Acreditamos que uma terapia comparável em humanos deve visar principalmente a infecção pelo HCV. A OMS estima que 180 milhões de pessoas, cerca de 3% da população mundial, estão infectadas com o HCV, a maioria das quais são portadoras crónicas. A infecção crônica em pacientes que não respondem à terapia antiviral ou interferon convencional pode levar a danos hepáticos ou câncer hepático. O HCV é responsável por 50-75% de todos os casos de câncer hepático e dois terços de todos os transplantes de fígado no mundo desenvolvido. As estimativas atuais nos EUA são de que 3,9 milhões de americanos estão cronicamente infectados com o HCV. A hepatite C tem sido comparada com uma “bomba relógio viral”. Portanto, parece crucial desenvolver novas estratégias para tratar com sucesso os pacientes que não respondem à terapia convencional. Sabe-se que a produção sistêmica de IL-10 pode ser aumentada na infecção crônica pelo HCV e é mais dramática em comparação com outras infecções virais crônicas. Enquanto os pacientes que resolvem a infecção pelo HCV montam uma resposta robusta de células T antivirais, as respostas disfuncionais específicas de vírus ou células T são observadas em pacientes cronicamente infectados. Embora a causa da disfunção das células T antivirais na persistência do vírus não seja conhecida, em pacientes com hepatite C crônica podem ser detectadas respostas aumentadas de IL-10 específicas do HCV, e a terapia exógena de IL-10 resulta em um aumento do título viral do HCV. Com base nos conhecimentos actuais, deve ser determinado se o bloqueio anti-IL-10R restabelece a função das células T antivirais de doentes com VHC, primeiro in vitro e depois em ensaios clínicos.

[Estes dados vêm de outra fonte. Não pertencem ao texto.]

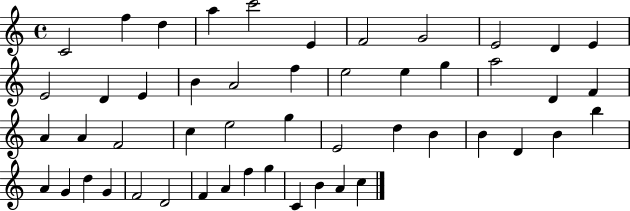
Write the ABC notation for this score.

Os próximos passos seriam combinar vacinas virais, medicamentos antivirais ou outros anticorpos ao bloqueio da IL-10R e determinar se é possível obter sinergia no combate à doença viral com efeitos secundários mínimos. Tem sido relatado que a expressão de morte por programa (PD)-1 está associada à exaustão de células T CD8+ específicas do HCV na infecção aguda pelo HCV. Além disso, o receptor PD-1 (PD-L1, B7-H1), que pode mediar a apoptose das células T, é induzido nos hepatócitos pela infecção pelo HCV. Da mesma forma, células T antivirais esgotadas de ratos cronicamente infectados com LCMV express PD-1 e bloqueio da via de sinalização PD-1/PD-1L resultam na resolução da infecção. Portanto, propomos que agentes terapêuticos que bloqueiam a via de sinalização da IL-10 e as interações PD-1/PD-L1 são muito promissores para o tratamento de infecções virais persistentes em humanos, como o HCV e possivelmente o HIV ou CMV. Esta estratégia pode ser particularmente eficiente quando usada em combinação com estratégias antivirais convencionais, vacinas e/ou outros agentes imunomoduladores. Tal abordagem inovadora no tratamento de infecções virais persistentes constitui um afastamento das estratégias vacinais clássicas que têm tentado, sem sucesso, melhorar a imunidade antiviral através do reforço directo dos agentes com efeito de célula T. É importante notar que a focalização nos factores hospedeiros que não interagem directamente com o vírus limitará a possibilidade de surgirem estirpes virais resistentes à mutação, como tem sido o caso de uma série de medicamentos antivirais.